After a decade of working, mostly in a bookstore, studying, and occasionally teaching, I returned to get my master’s in World Music. I studied a wide range of areas, including American Indian music, Korean court music, Sumatran Batak music, and Indian classical music. But my main emphases were Bali and Africa. The department at San Diego State brought master native teachers from around the world and I was able to study gamelan with I Wayan Sinti, I Wayan Rai S., I Komang Astita, and K.R.T. Wasitodiningrat (Pak Cokro), among others. I studied African music with J.H. Kwabena Nketia, Ghanaian drumming with Kwaku Ladzekpo, and Senegalese drumming with Zak Diouf.
I had a genuine World Music Moment when, during a summer study in Indonesia, I watched a session with the rare Batak nine-drum ensemble at Lake Toba. They asked if anyone wanted to try, so I picked up the sticks and astonished them, and myself, when the breakneck, interlocking parts were channeled through Zak and Kwaku.
I presented my M.A. lecture-demonstration to a special meeting of the Southern California branch of the Society for Ethnomusicology. Mantle Hood was the honoree and he came up to me afterward, offered to publish my work, and invited me to come back to the University of Maryland Baltimore County to study with him. He had maintained for years that ethnomusicology was an approach and technique which could, and should, be applied to any and all music, not just “exotic” musics.
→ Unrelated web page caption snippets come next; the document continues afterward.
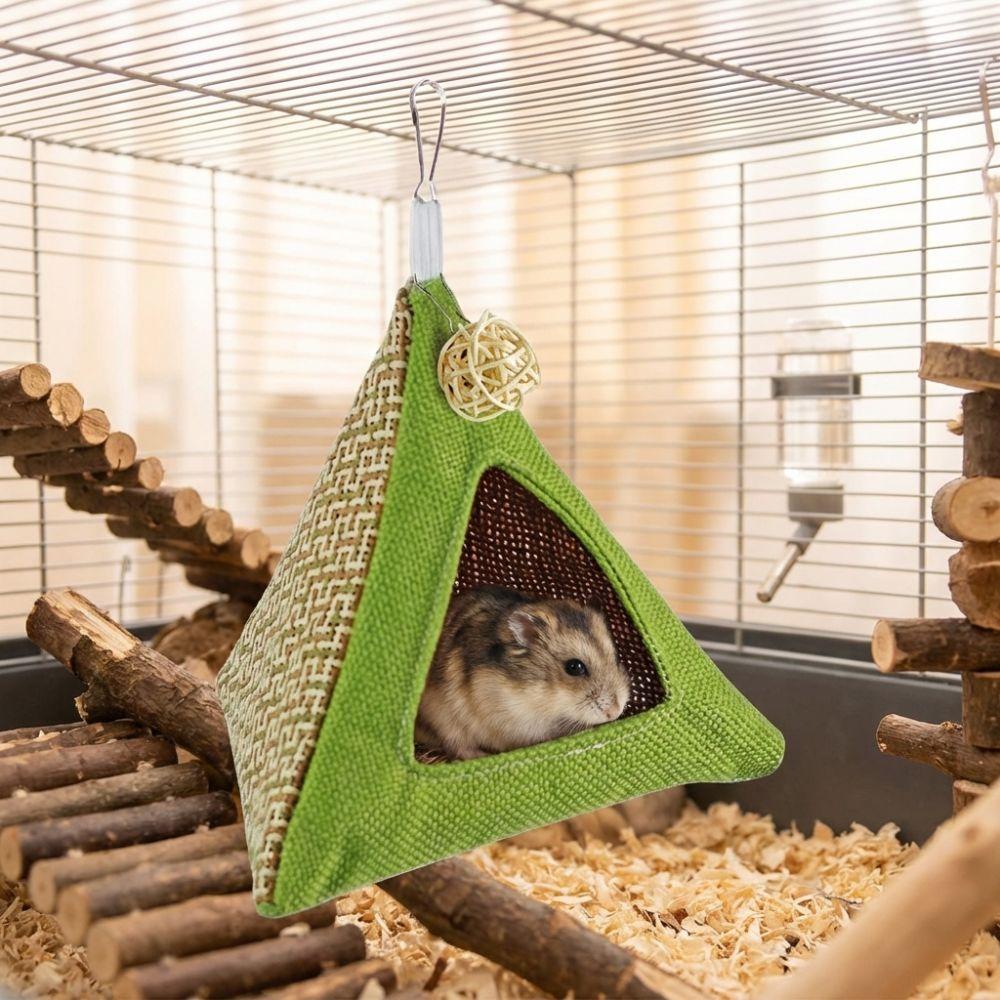 Triangular Parrot Birdhouse Breathable Net Cooling Mat Bird Hanging Tent Ventilated Bird Bed Summer Cooling Nest Bird Cages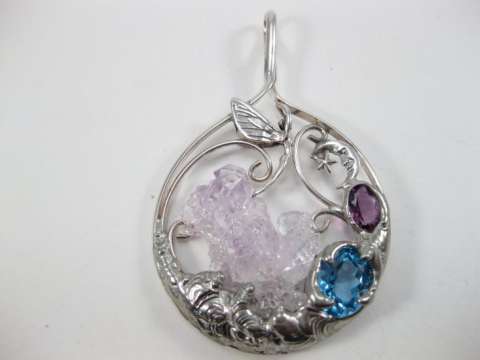 Elestial Amethyst Cluster, Faceted Topaz and Amethyst Pendant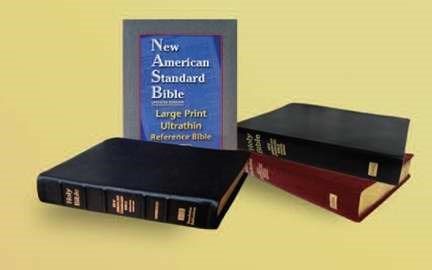 NASB Large Print Ultrathin Reference Bible-Black Genuine Leather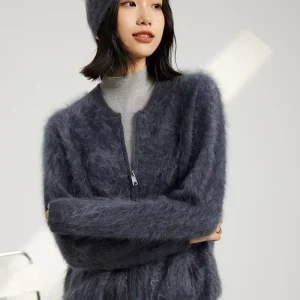 Winter 100 Cashmere Medium Solid Color Full Sleeve Baseball Zipper Cardigan Women’s Casual Jacket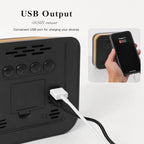 Digital Alarm Clock LED Desk Clock with Night Light USB Output Dimmable Display — view 12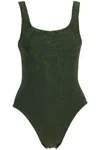 Hunza G Womens Metallic Khaki Sadie Scoop-neck Crinkle-textured Swimsuit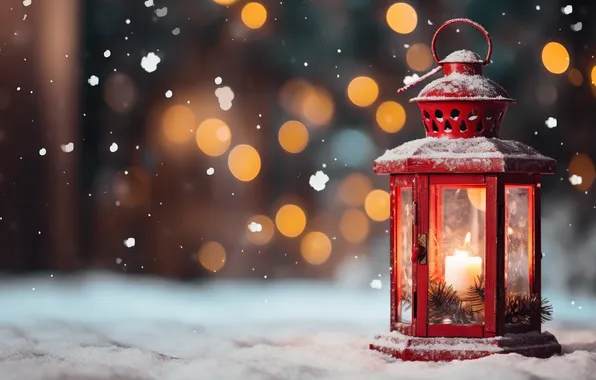 Picture winter, snow, night, Christmas, lantern, New year, Christmas, night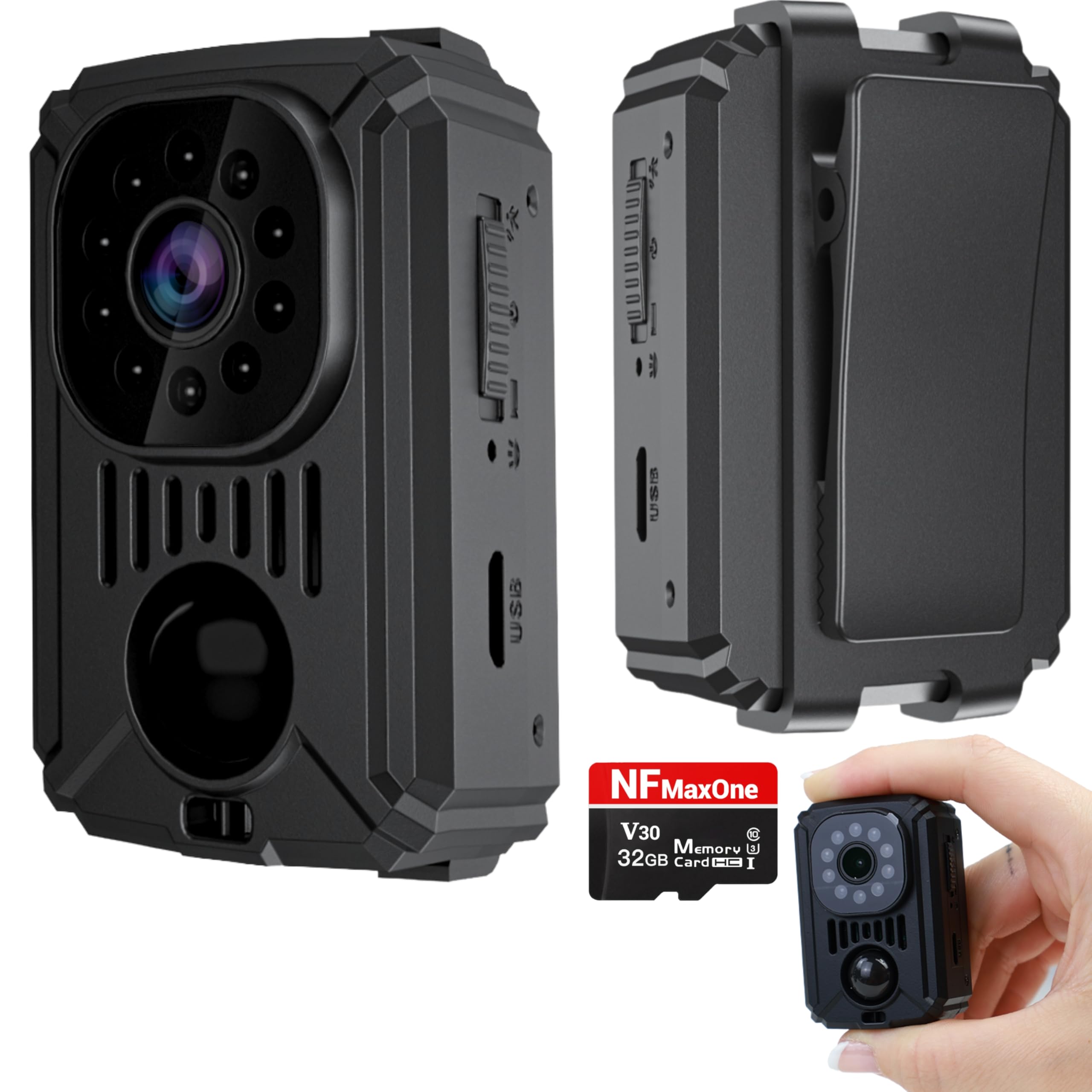 Mini Telecamera Spia Nascosta, Telecamera Senza Wifi Per Auto, Microcamera Spia Per Parcheggi E Luoghi Senza Internet, Include Microsd 32GB, 11 Ore Di Batteria, Spy Cam, Videocamera Interno Esterno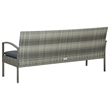 Bowery Hill Contemporary Synthetic Poly Rattan 3-Seater Patio Sofa in Gray
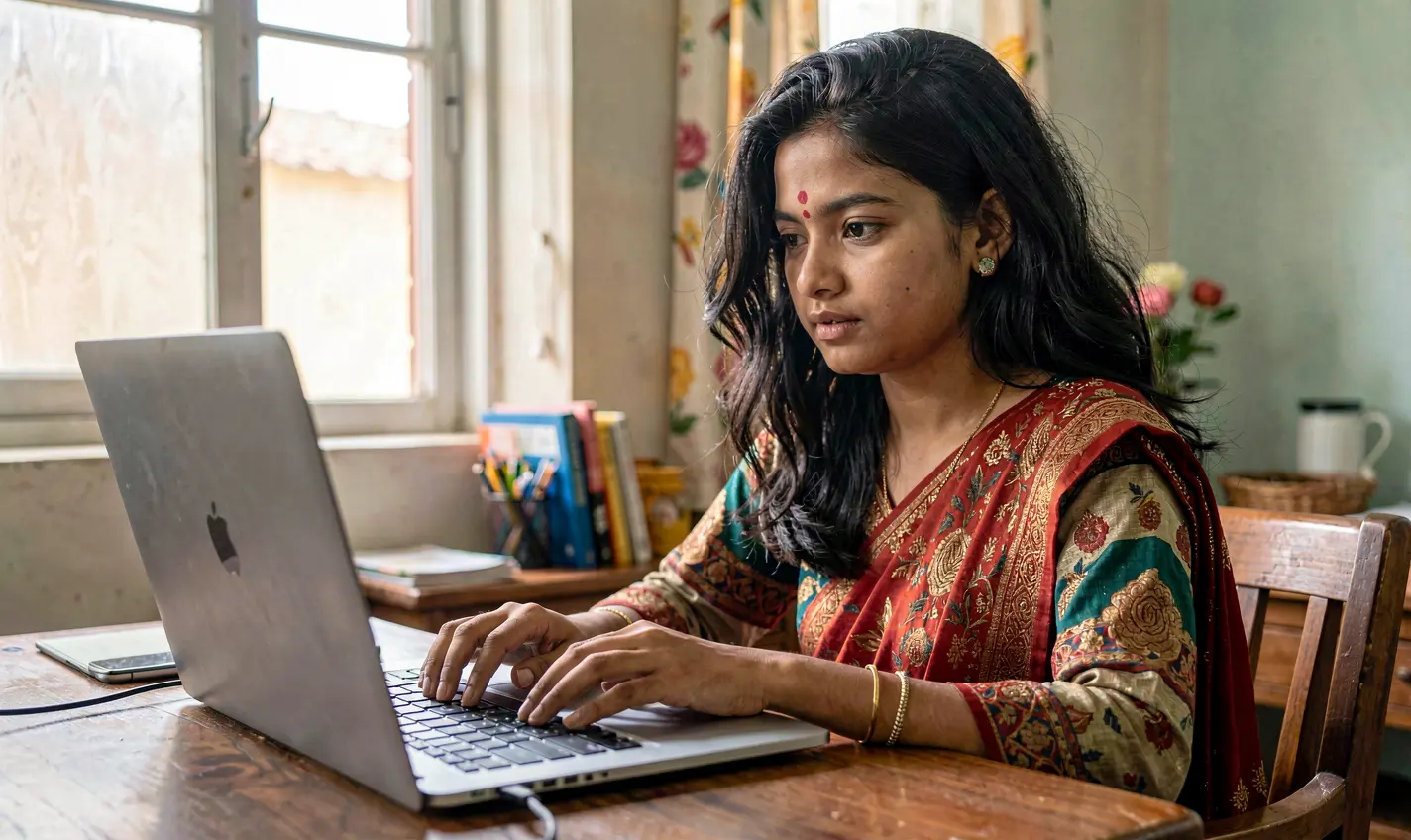 Stylish Bangladeshi gamer playing immersive online casino games on a laptop with vibrant visuals representing the dynamic 48OK gaming experience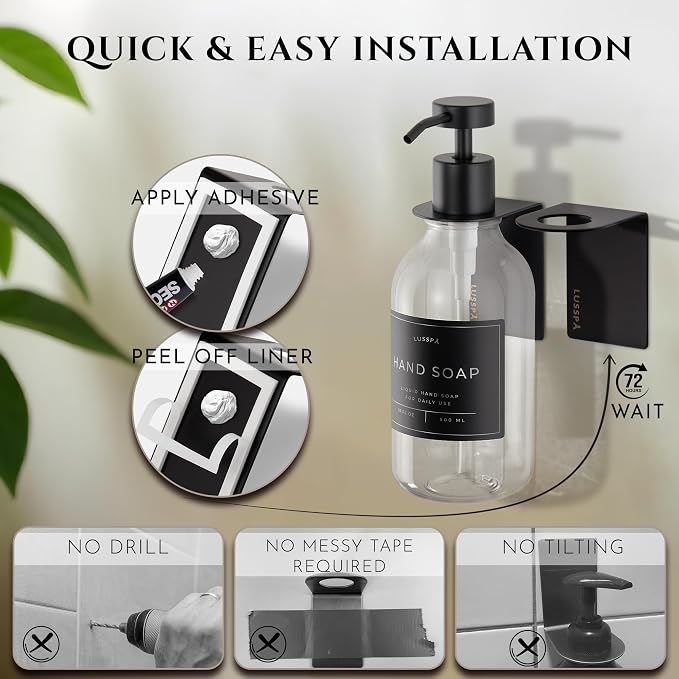 Shower Shampoo Dispenser Wall Mounted – Refillable 16.9 oz Clear Bottle with Stainless Steel Pump & No-Drill Adhesive Holder – Soap Dispenser for Bathroom (1 X Clear/Black)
My work had been about using world music styles and techniques to inform and understand medieval European music, so he was excited about the possibilities. It didn’t take me long to say “yes.”
While at UMBC I studied gamelan theory with Mantle, but most of my research was with Jozef Pacholczyk, my mentor and immediate friend. I often say that I walked into Jozef’s office the first day on campus, sat down, and we talked nonstop for the next three years. I did find time to have wonderful academic experiences, including studying kora with the late Djimo Kouyate. And Wayan Rai came back to UMBC to study and we got our PhD’s on the same day.
I believe, more strongly than ever, that everything is related and that no knowledge is ever wasted. My interests become broader with each passing day and each bit of information. I know my insights have deepened precisely because of the widening scope of my experiences, and I wish to share this understanding with all.

With my sister, Lee, at her home in Mountain Ranch in 2011.

I suspect that delaying my monetary gratification has been a factor in my love life. I have been extremely fortunate to have been loved by more beautiful, intelligent, funny, charming, passionate, experienced women than I ever imagined possible. If one of them had, perhaps, been a little less intelligent I might have convinced her to marry me. But I think my lack of prospects has been my undoing. However, hope springs eternal and I continue to be optimistic about my chances. They say that men are at a premium in the old folks’ home.